UNA STORIA FINITA – IV parte

“PORRÒ INIMICIZIA FRA TE E LA DONNA E FRA IL TUO SEME E IL SEME DI LEI”

 Genesi 3:15 – Di

Nei post precedenti ho presentato la descrizione biblica della creazione. Nel primo libro delle Sacre Scritture, Genesi, si parla delle opere creative di Dio, inclusa la sua principale creatura terrena: l’uomo. Dopo aver creato la prima coppia umana, Dio disse chiaramente cosa si proponeva per loro; il suo comando fu: “Siate fecondi e moltiplicatevi; riempite la terra, rendetevela soggetta, dominate sui pesci del mare e sugli uccelli del cielo e sopra ogni animale che si muove sulla terra” (Genesi 1:28). Dio aveva creato l’uomo e la donna perché vivessero sulla terra (cfr. Salmo 115:16 – VR e Di; 114:16 – CEI). Non pensava ad un’altra dimora per loro! Non li aveva creati perché un giorno andassero a vivere in cielo! Per la vita celeste aveva creato altre creature, con corpi spirituali adatti a tale dimora, gli angeli. Il racconto di Genesi dice ancora che “Dio prese l’uomo e lo pose nel giardino di Eden, perché lo coltivasse e lo custodisse” (Genesi 2:15). Dio, dunque, voleva che la prima coppia, insieme alla loro progenie, si prendesse cura del pianeta su cui l’aveva messo, estendendo il Paradiso oltre i confini del giardino di Eden, per abbracciare infine l’intero globo terrestre.
Per quanto tempo l’uomo e la donna sarebbero vissuti nella loro dimora paradisiaca? Dalla lettura delle Scritture si comprende che essi furono creati per vivere sulla terra per sempre (cfr. Ecclesiaste 3:11; Salmo 37:29 – VR e Di; 36:29 – CEI). La morte sarebbe sopraggiunta sull’umanità solo se avessero disubbidito al loro Creatore, come si evince dal successivo comando che aveva dato all’uomo: “Mangia pure da ogni albero del giardino, ma dell’albero della conoscenza del bene e del male non ne mangiare; perché nel giorno che tu ne mangerai, certamente morirai” (Genesi 2:16,17 – VR).
Purtroppo davanti alla prova il primo uomo, Adamo, e la sua compagna, Eva, scelsero di disubbidire al loro Creatore e Legislatore. A motivo della loro ribellione essi furono condannati a morire, e con loro tutta la discendenza, noi inclusi. A qualcuno che usa il metro di giudizio umano forse la punizione per quell’atto di disubbidienza può sembrare esagerata. Ma il metro di giudizio dell’uomo non ha mai garantito la giustizia, l’uguaglianza, la pace e la felicità del genere umano. Da allora, infatti, la terra è stata piena di ingiustizia, di disonestà, di violenza e di tolleranza del male!

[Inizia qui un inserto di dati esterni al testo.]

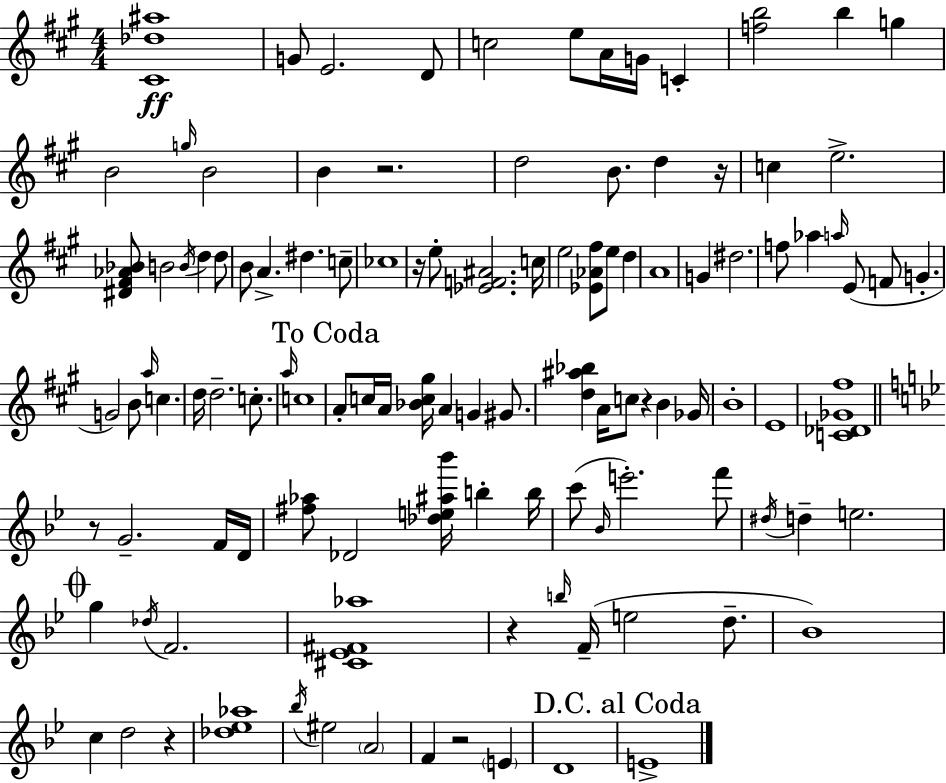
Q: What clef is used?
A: treble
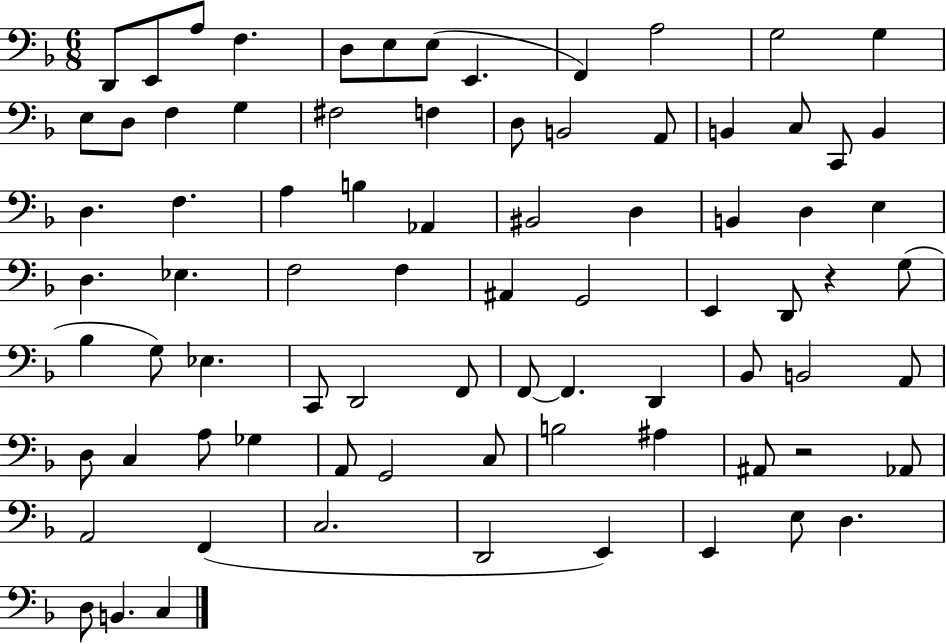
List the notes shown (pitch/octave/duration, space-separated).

D2/e E2/e A3/e F3/q. D3/e E3/e E3/e E2/q. F2/q A3/h G3/h G3/q E3/e D3/e F3/q G3/q F#3/h F3/q D3/e B2/h A2/e B2/q C3/e C2/e B2/q D3/q. F3/q. A3/q B3/q Ab2/q BIS2/h D3/q B2/q D3/q E3/q D3/q. Eb3/q. F3/h F3/q A#2/q G2/h E2/q D2/e R/q G3/e Bb3/q G3/e Eb3/q. C2/e D2/h F2/e F2/e F2/q. D2/q Bb2/e B2/h A2/e D3/e C3/q A3/e Gb3/q A2/e G2/h C3/e B3/h A#3/q A#2/e R/h Ab2/e A2/h F2/q C3/h. D2/h E2/q E2/q E3/e D3/q. D3/e B2/q. C3/q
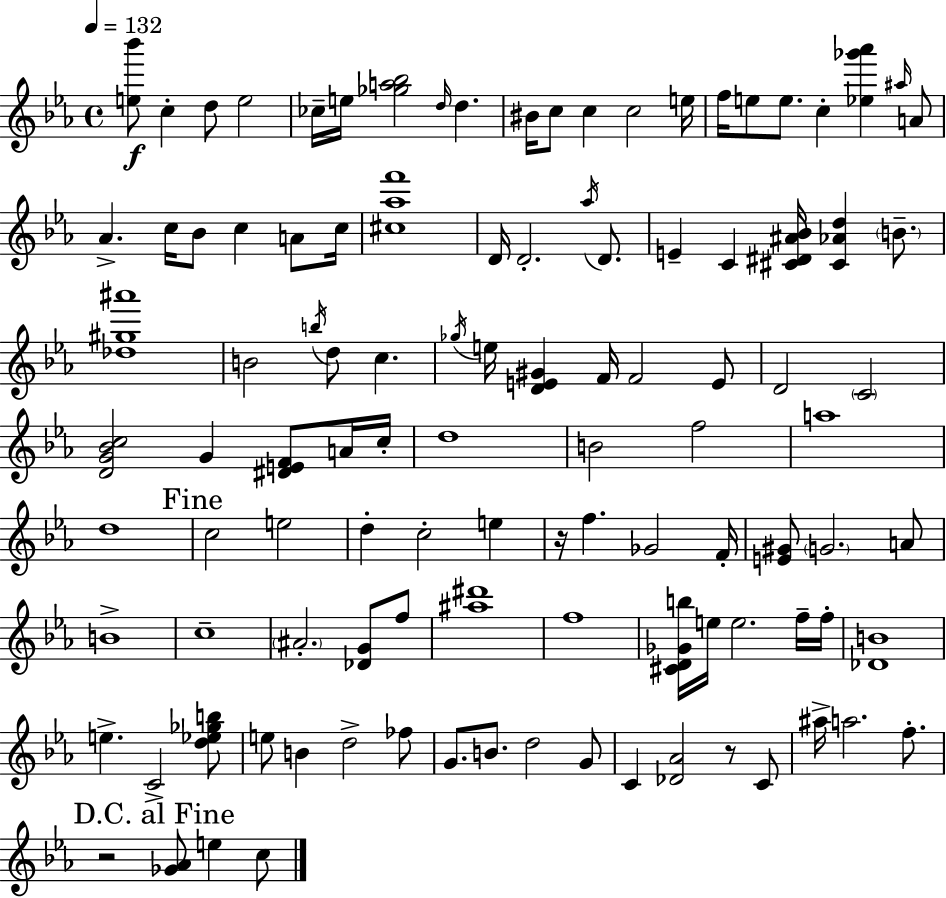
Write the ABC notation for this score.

Certo, Dio avrebbe anche potuto distruggere subito quelle creature ribelli, l’angelo che aveva istigato la ribellione, Satana, e Adamo ed Eva e creare una nuova coppia ricominciando da capo. Così facendo avrebbe certamente dato prova della sua potenza (cfr. Geremia 10:6). Ma la potenza non è l’unica qualità del nostro Creatore. Egli è anche giusto, sapiente, ed è l’essenza stessa dell’amore (cfr. Deuteronomio 32:4; Romani 11:33; 1Giovanni 4:8). Egli esercita sempre queste sue qualità con un perfetto equilibrio tra loro. Inoltre ha una concezione del tempo che va oltre le nostre limitazioni perciò ha una visione lungimirante del bene delle sue creature.

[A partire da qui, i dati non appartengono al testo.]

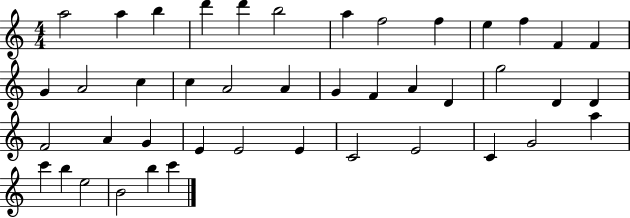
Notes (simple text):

A5/h A5/q B5/q D6/q D6/q B5/h A5/q F5/h F5/q E5/q F5/q F4/q F4/q G4/q A4/h C5/q C5/q A4/h A4/q G4/q F4/q A4/q D4/q G5/h D4/q D4/q F4/h A4/q G4/q E4/q E4/h E4/q C4/h E4/h C4/q G4/h A5/q C6/q B5/q E5/h B4/h B5/q C6/q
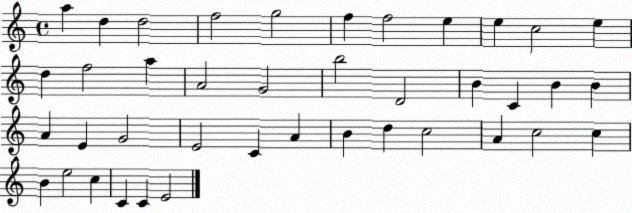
X:1
T:Untitled
M:4/4
L:1/4
K:C
a d d2 f2 g2 f f2 e e c2 e d f2 a A2 G2 b2 D2 B C B B A E G2 E2 C A B d c2 A c2 c B e2 c C C E2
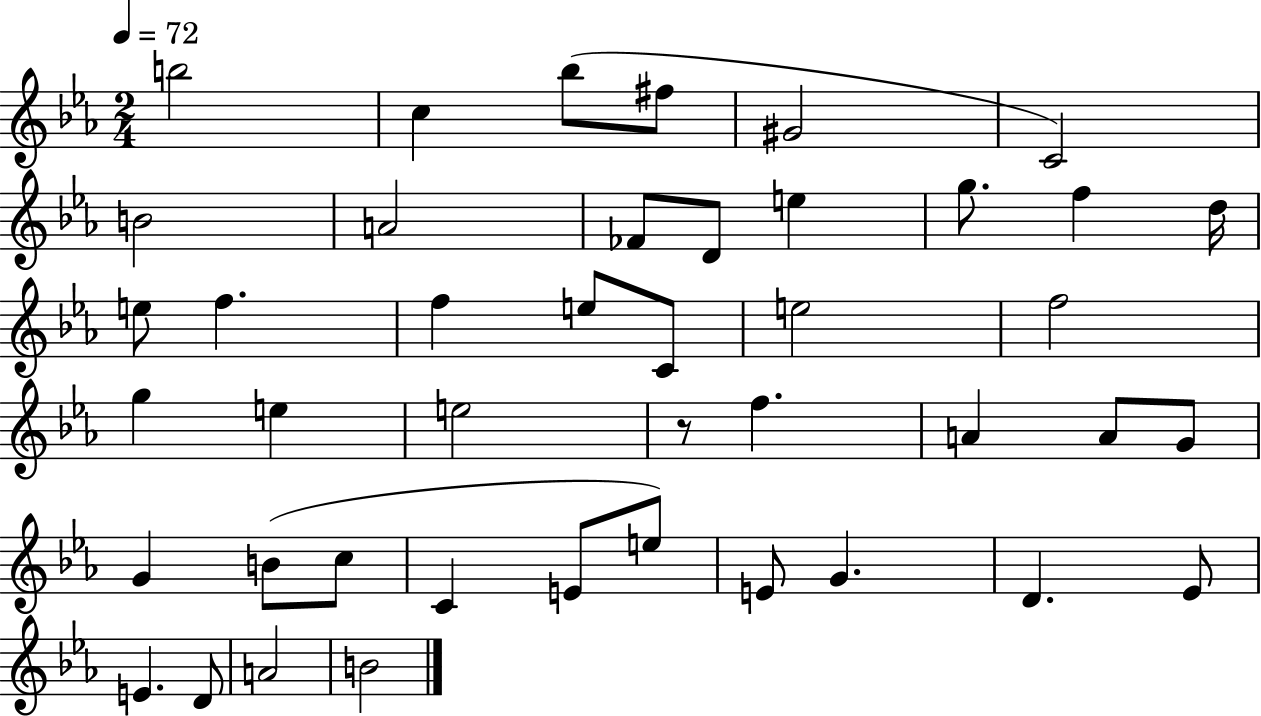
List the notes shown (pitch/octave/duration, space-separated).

Dio infatti non solo conosce tutto quello che c’è da conoscere sull’universo, sulle leggi fisiche, i cicli e le costanti su cui noi uomini basiamo le nostre ricerche e le nostre invenzioni e senza le quali saremmo impotenti, ma conosce profondamente anche la natura umana; perciò ha fissato delle norme morali necessarie per la stabilità, il sano giudizio e il successo della vita dell’uomo. Basandosi sulla sua vasta conoscenza e sul suo profondo intendimento, Dio prende sempre le migliori decisioni possibili e le mette in atto con la migliore linea d’azione che si possa concepire.

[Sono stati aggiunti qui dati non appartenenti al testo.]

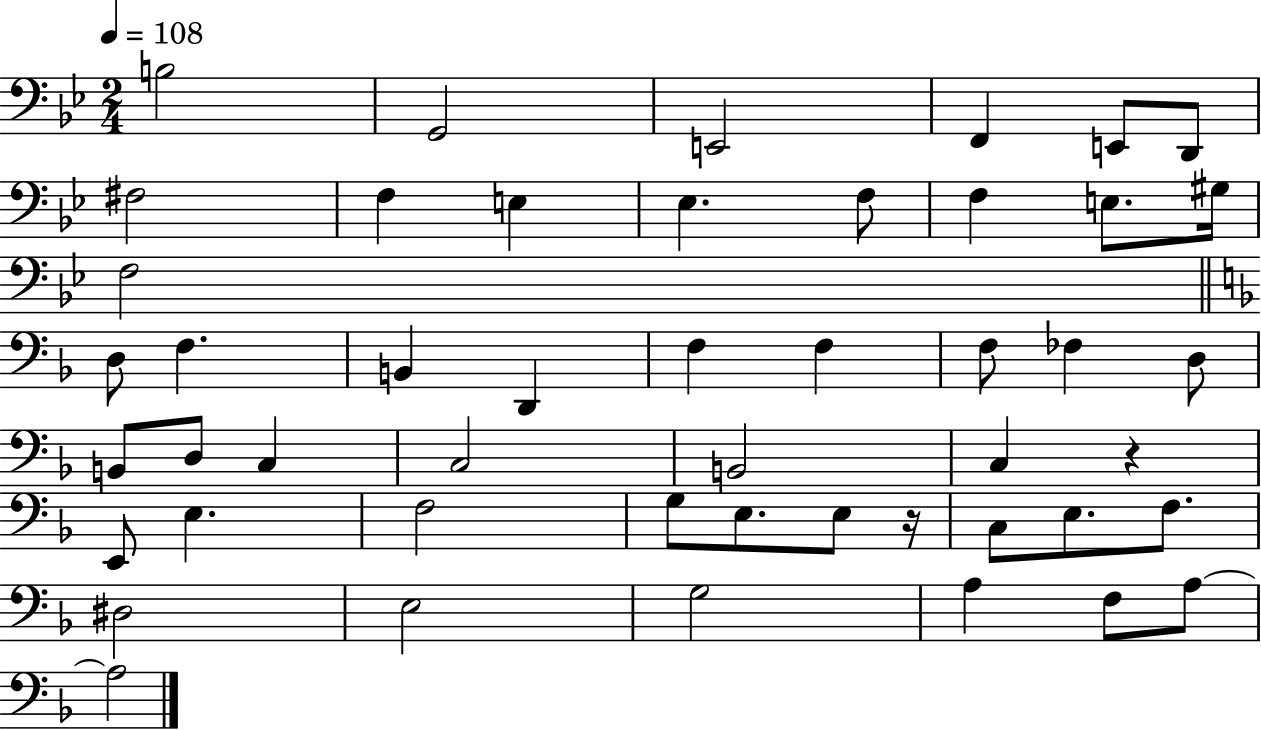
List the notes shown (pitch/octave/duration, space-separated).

B3/h G2/h E2/h F2/q E2/e D2/e F#3/h F3/q E3/q Eb3/q. F3/e F3/q E3/e. G#3/s F3/h D3/e F3/q. B2/q D2/q F3/q F3/q F3/e FES3/q D3/e B2/e D3/e C3/q C3/h B2/h C3/q R/q E2/e E3/q. F3/h G3/e E3/e. E3/e R/s C3/e E3/e. F3/e. D#3/h E3/h G3/h A3/q F3/e A3/e A3/h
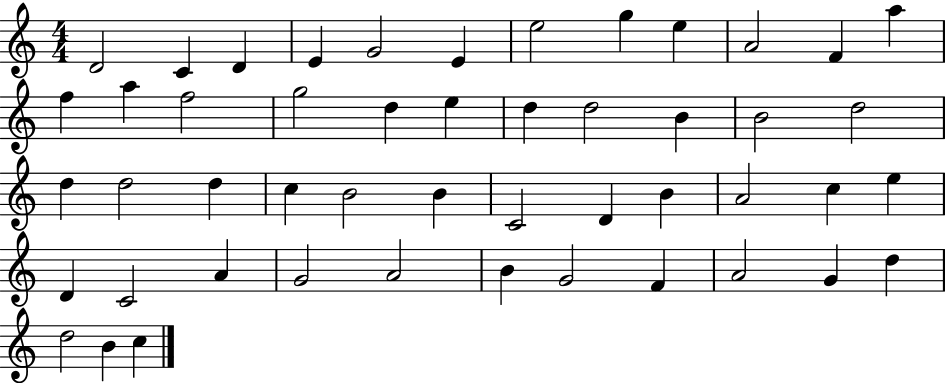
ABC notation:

X:1
T:Untitled
M:4/4
L:1/4
K:C
D2 C D E G2 E e2 g e A2 F a f a f2 g2 d e d d2 B B2 d2 d d2 d c B2 B C2 D B A2 c e D C2 A G2 A2 B G2 F A2 G d d2 B c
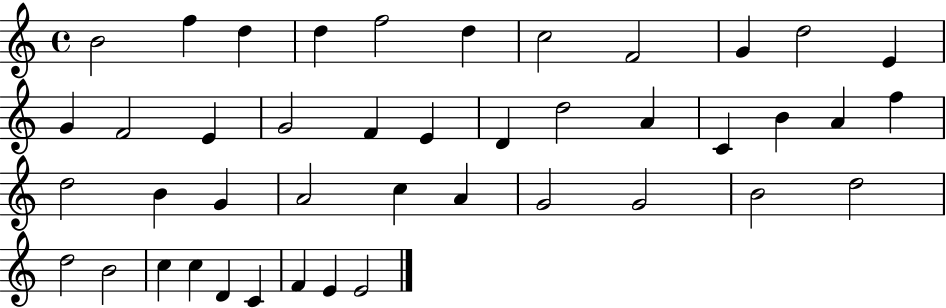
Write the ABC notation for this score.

X:1
T:Untitled
M:4/4
L:1/4
K:C
B2 f d d f2 d c2 F2 G d2 E G F2 E G2 F E D d2 A C B A f d2 B G A2 c A G2 G2 B2 d2 d2 B2 c c D C F E E2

In quella circostanza Egli non poteva cedere all’emozione o al sentimentalismo e semplicemente trovare un’alternativa alla pena di morte. Far questo avrebbe significato invalidare le sue stesse norme di giustizia, e nell’intero universo avrebbero regnato l’illegalità e il caos. Dio non condona la malvagità, cioè la volontaria, e reiterata, violazione delle sue norme, perché se lo facesse incoraggerebbe l’ingiustizia. Ma, a differenza di quella umana, meramente intesa come una imparziale applicazione della norma di legge, la giustizia divina cerca di sanare e salvare. Perciò non dovremmo pensare a lui come a un giudice severo, che pensa solo a emettere la sentenza contro i trasgressori. Un fedele uomo dell’antichità ci indica il suo vero ruolo dicendo “tu sei nostro padre; noi siamo l’argilla e tu colui che ci formi” (Isaia 64:8). Come un Padre giusto ed equo, Dio equilibra la fermezza per ciò che è giusto con l’amore e la tenera compassione verso le sue creature.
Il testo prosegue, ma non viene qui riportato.